Les banques irlandaises vont recevoir une injection de 35 milliards d’euros. Cependant, cela pourrait ne pas suffire à consolider leur bilan : un nouveau stress test moins « hédoniste » que celui de juillet dernier (qui se déroulera début 2011) inquiète la communauté financière.
▪ Les banques de gabarit planétaire sont étroitement interconnectées. Le pire était à craindre alors que les cours sont gonflés à l’hélium depuis des semaines à Wall Street (et une fois encore mercredi dernier, juste avant le week-end de Thanksgiving).
Les valeurs financières ont plongé à travers l’Europe, mais le secteur terminait en légère hausse à Wall Street. Comment ce qui tétanise les actionnaires européens pourrait-il laisser indifférent leurs homologues américains ?
Comment ne pas écarquiller les yeux devant les +1% de JP Morgan, les +1,5% de Bank of America ou les +1,85% de Well Fargo ou Regions Financial ? Cela représente un différentiel de performance de 5% par rapport à leurs consoeurs (et principales contreparties) européennes !

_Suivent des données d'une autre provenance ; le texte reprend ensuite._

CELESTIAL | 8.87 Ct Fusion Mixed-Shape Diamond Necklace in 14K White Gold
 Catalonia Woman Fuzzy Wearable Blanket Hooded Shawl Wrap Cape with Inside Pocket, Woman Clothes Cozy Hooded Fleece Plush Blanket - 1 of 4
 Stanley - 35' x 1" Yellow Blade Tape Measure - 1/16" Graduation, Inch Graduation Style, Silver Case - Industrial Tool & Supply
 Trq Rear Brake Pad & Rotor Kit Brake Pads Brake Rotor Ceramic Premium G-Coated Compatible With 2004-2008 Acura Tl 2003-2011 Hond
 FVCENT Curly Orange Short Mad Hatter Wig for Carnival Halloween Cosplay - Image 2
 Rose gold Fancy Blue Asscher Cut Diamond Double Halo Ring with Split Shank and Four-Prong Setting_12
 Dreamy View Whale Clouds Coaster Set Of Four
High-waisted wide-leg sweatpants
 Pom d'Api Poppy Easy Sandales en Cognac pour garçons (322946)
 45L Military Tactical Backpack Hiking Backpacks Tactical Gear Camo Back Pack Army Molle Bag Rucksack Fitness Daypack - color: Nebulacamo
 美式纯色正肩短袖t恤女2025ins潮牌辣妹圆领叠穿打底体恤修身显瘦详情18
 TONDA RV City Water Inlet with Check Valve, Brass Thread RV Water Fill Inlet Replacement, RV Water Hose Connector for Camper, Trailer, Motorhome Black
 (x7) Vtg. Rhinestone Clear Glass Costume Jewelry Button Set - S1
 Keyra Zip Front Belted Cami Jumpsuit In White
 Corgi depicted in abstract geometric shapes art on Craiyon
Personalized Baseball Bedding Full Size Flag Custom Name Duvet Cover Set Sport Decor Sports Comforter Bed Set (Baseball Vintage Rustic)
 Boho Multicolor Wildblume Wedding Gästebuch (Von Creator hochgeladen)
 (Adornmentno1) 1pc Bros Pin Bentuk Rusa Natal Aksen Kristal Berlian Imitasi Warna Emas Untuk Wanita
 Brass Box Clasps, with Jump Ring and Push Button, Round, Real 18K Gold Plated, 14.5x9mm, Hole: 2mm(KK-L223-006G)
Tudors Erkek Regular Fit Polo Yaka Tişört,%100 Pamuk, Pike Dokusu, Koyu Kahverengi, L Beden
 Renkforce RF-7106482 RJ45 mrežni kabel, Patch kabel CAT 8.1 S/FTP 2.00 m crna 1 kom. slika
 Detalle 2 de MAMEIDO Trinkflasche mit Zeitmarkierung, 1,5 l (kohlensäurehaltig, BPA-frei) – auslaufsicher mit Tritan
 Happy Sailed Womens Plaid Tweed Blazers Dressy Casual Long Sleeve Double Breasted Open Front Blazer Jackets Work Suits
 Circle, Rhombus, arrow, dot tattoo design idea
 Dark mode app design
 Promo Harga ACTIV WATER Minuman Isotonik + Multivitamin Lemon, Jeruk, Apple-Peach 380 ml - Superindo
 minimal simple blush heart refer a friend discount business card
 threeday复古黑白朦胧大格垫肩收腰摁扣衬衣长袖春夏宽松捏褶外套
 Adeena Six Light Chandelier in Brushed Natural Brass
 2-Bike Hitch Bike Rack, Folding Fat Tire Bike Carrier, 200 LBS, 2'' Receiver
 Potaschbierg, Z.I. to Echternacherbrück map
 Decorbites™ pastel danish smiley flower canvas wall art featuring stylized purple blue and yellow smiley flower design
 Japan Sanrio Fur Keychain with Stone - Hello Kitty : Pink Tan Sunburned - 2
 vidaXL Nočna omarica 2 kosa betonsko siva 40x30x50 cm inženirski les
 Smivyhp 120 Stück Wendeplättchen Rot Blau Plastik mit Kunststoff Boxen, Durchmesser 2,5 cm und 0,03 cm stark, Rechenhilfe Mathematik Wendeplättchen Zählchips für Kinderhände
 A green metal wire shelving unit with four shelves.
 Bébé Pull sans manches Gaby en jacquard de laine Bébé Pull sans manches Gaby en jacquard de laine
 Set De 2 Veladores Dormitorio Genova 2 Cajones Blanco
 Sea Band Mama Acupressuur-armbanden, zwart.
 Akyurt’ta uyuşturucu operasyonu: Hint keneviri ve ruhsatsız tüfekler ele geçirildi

Plus de 3,5% d’écart entre le plus haut et le plus bas du jour en Europe, six heures de glissade ininterrompue et un sell-off au moment du fixing… Quelques heures plus tard, Wall Street a terminé pratiquement inchangé (-0,15% pour le S&P) après un repli initial qui n’a guère dépassé les -1,5%.
Une telle décorrélation entre les deux rives de l’Atlantique à l’issue d’une même séance — sans catalyseur identifiable — n’a plus été observée depuis des années !
▪ Le scénario de ce lundi échappe largement à une analyse rationnelle. Se pourrait-il qu’après avoir délibérément ignoré les difficultés de l’Irlande durant des semaines, une soudaine « prise de conscience » des difficultés présentes ou à venir serait survenue chez certains investisseurs en Europe vers 10h30 hier matin ?
Il y a probablement derrière la chute de 2,5% des places européennes des calculs ou des informations qui demeurent inaccessibles à une très grosse majorité d’intervenants.